The point is not merely technically correct, it is actually correct. If you want to say funding didn't go up enough for your liking, say so directly. Don't say something you know isn't true, and then when called on it try to wriggle out of it.
And as for the FT's take - "Tory austerity" didn't even balance the budget. The UK cannot afford to have the level of state spending it already has, let alone increase it yet further.
IMO the problem with austerity is that it presumed the economy would grow, which it then promptly didn't.
I won't pretend to have enough economic nous to know if Keynesianism is worth anything, but I do know it says to do the exact opposite: for governments to borrow and spend more in bad times to grow the economy, and pay down that debt only when things recover.
Austerity as a concept doesn't really presume that, austerity is just a weird word meaning a government cutting spending. It doesn't contain any argument about the future. The Tories implementation did presume growth which is why the UK had austerity-lite vs what actually turned out to be needed.
Keynesianism is a self-contradictory concept which is why it always fails. It's predicated on the assumption that governments are good at investing. But if that is true then governments have no answer back to the people who argue that good times = an even better time to invest, because if government ROI is always positive why would you not invest more when tax revenues are flowing freely? So in practice it immediately turns into high levels of government deficit spending all the time, because if you use wordplay to turn spending into "investment" then a deficit today can always be claimed to be paid off tomorrow from the ROI. So it's just an excuse for spending more than the tax take allows, all the time.

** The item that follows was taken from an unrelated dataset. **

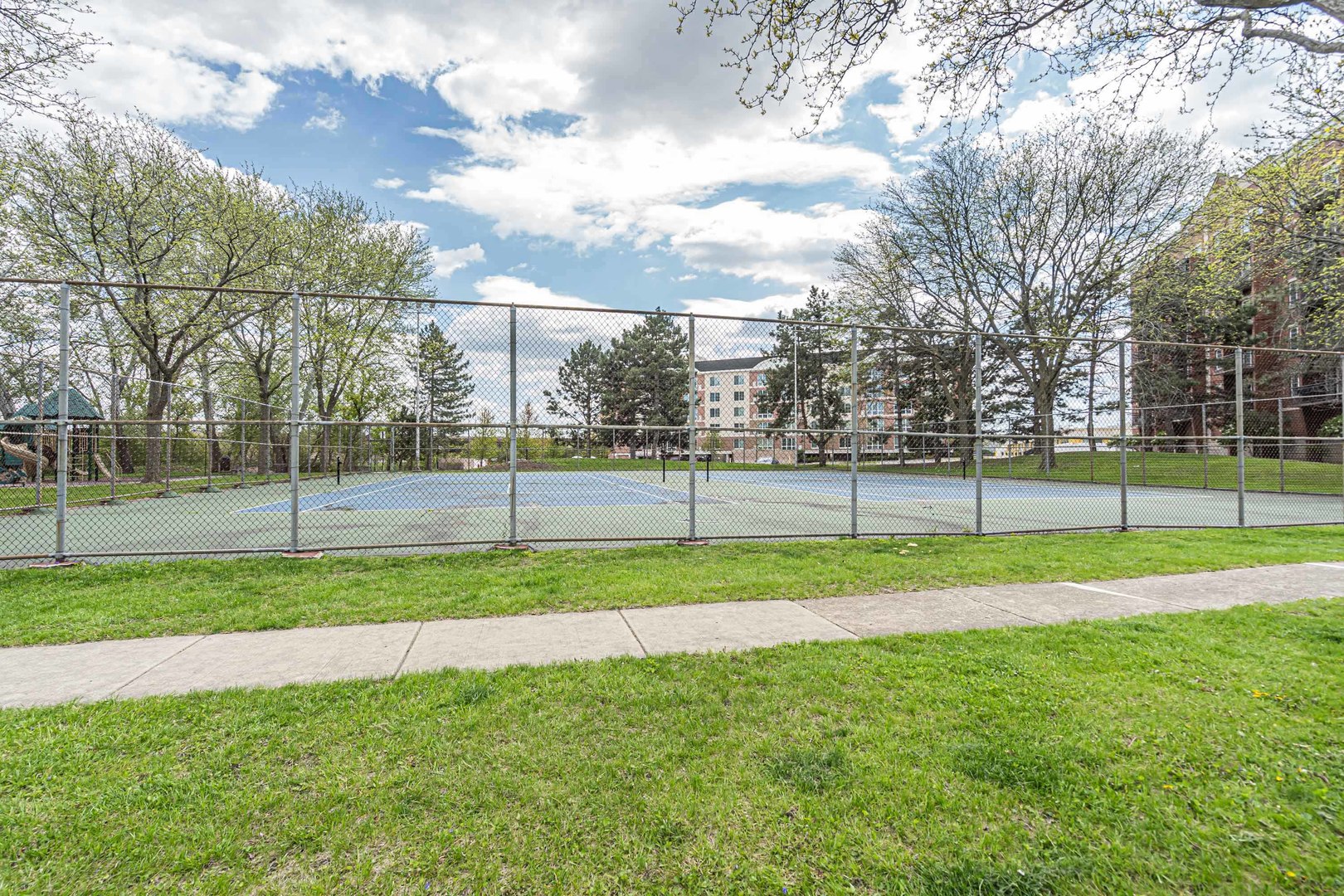 225 South Rohlwing Road, Unit 301 Palatine, IL 60074 - Photo 18 of 21 Gallery Image 18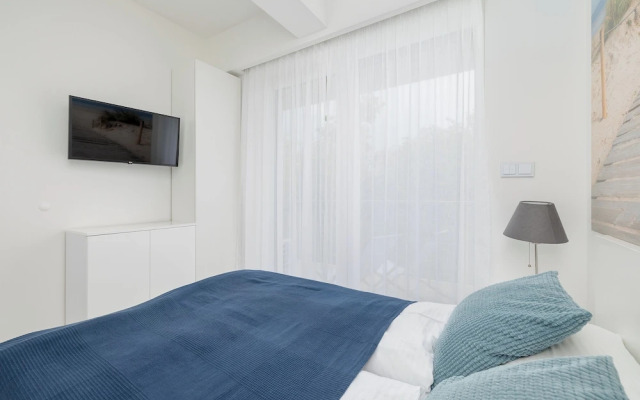 Klifowa Resort Rewal by Renters Prestige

The problem with this theory is that governments are notoriously bad at investing. They are rarely in a position to even measure ROI let alone ensure it's positive. Beating the market is really hard even for full time expert investors, some argue it's impossible over the long run, and that's with the full accountability of market mechanisms in play. Without those you end up with Soviet-style "investment" in highly visible and labor-intensive heavy industry projects, or for the UK, an endless succession of heavy rail projects.
The UK cannot afford its current level of welfare and spending, along with most of the rest of Europe. Unless the economy suddenly goes into overdrive the future will have far more austerity, along with many angry citizens faced with broken promises and rotting, decaying infrastructure.